R. L. describes his incarceration in a letter to Venerable Thubten Chodron.
A few months ago, without any warning, I was suddenly transferred from the Pontiac prison, where I had been for about 22 years, to Stateville Correctional Center. Indeed there are striking differences between the two. Stateville is a much larger prison, more imposing, and has an enormous wall surrounding it. It was built after Pontiac, but is deteriorating badly and seems older. The atmosphere here is very different, as though it is stuck in time somewhere back in the 1960’s. It’s a peculiar feeling.
Though I am feeling more at ease than when I first arrived here, I will always remain wary simply because this is Stateville, a facility with a long and infamous history of violence, abuse, and death. Stateville was once the crown jewel in Illinois’ prison system, with the world’s largest cellhouse and the world’s only round cellhouses, home to many of the Chicago gangsters and mobsters of the 1920’s and 1930’s and the street gang leaders and countless gang members of the 80’s and 90’s. This is the place where John Wayne Gacy and many others were executed (I currently live in the old Death House, “X-unit.”). Stateville has also been used in many Hollywood movies. It is a place that should be demolished and the earth bulldozed so that no trace of it remains. It is a place people come to and, very often, never leave alive. I believe you’ll have a firsthand understanding when you come and see this place for yourself.

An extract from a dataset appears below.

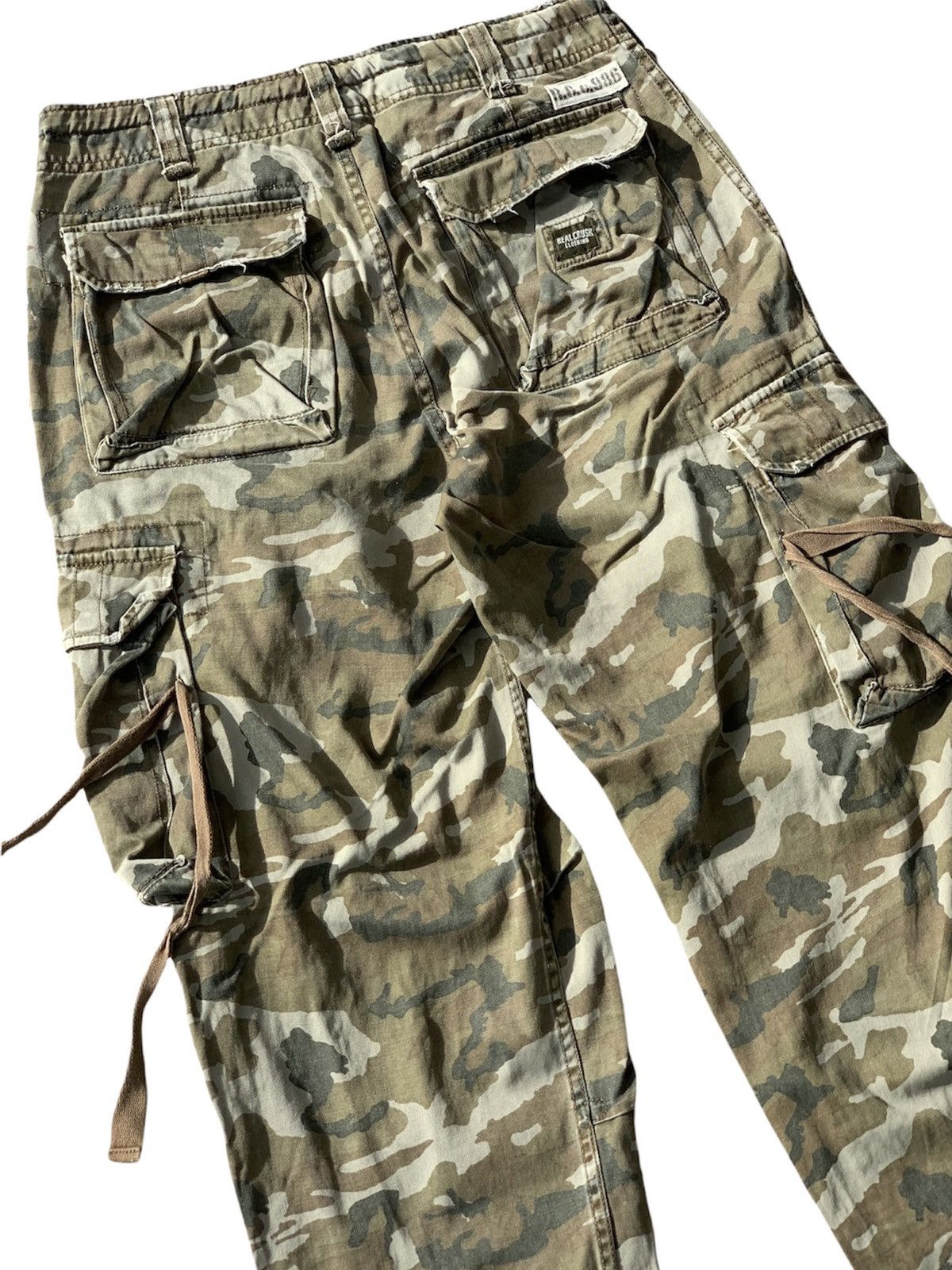 Japanese Brand Real Crush Camouflage Multi Pocket Parachute Cargo Pant Size US 31 - 3 Thumbnail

The second chaplain was a jewel in this horrendous prison system. He made sure the chapel was quiet for the ceremony and even turned on the air-con prior to my arrival so that we could sit in this room with no windows. He smiled at people—not only staff but the inmates as well—and when I asked him about his upbeat attitude in an environment than normally makes staff and residents alike depressed and tough, he responded that he refused to let the environment affect him adversely. Bottom line was he saw everyone as human beings worthy of respect.

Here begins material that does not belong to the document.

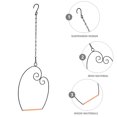 thumbnail image 2 of 1 Set of Bird Swing Hanging Bird Stand Iron Parrot Stand Rack Outdoor Bird Perch Stand Parrot Toy, 2 of 9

He said I was the first Buddhist clergy to enter the prison and asked if I would be willing to begin a group. Living far away, I couldn’t accept, as much as I would have liked to.
The feeling at Stateville was tough. As we walked to the chapel, we passed cages in the corridor with human beings inside. My instinct is to smile at people, and I do this in all prison visits, but this time I wondered if a smile to human beings in cages was appropriate. Would they accept it as the gesture of friendliness it was, or would they be angry, thinking I was scorning them in their humiliating situation? I had no way of knowing.
Giving the bodhisattva vows to an aspiring bodhisattva in these conditions felt like a direct snub to cyclic existence. It was swimming upstream with confidence and hope. It was a proclamation to the invincibility of human goodness. I admire R.L.’s attitude and am grateful to have been requested to encourage it.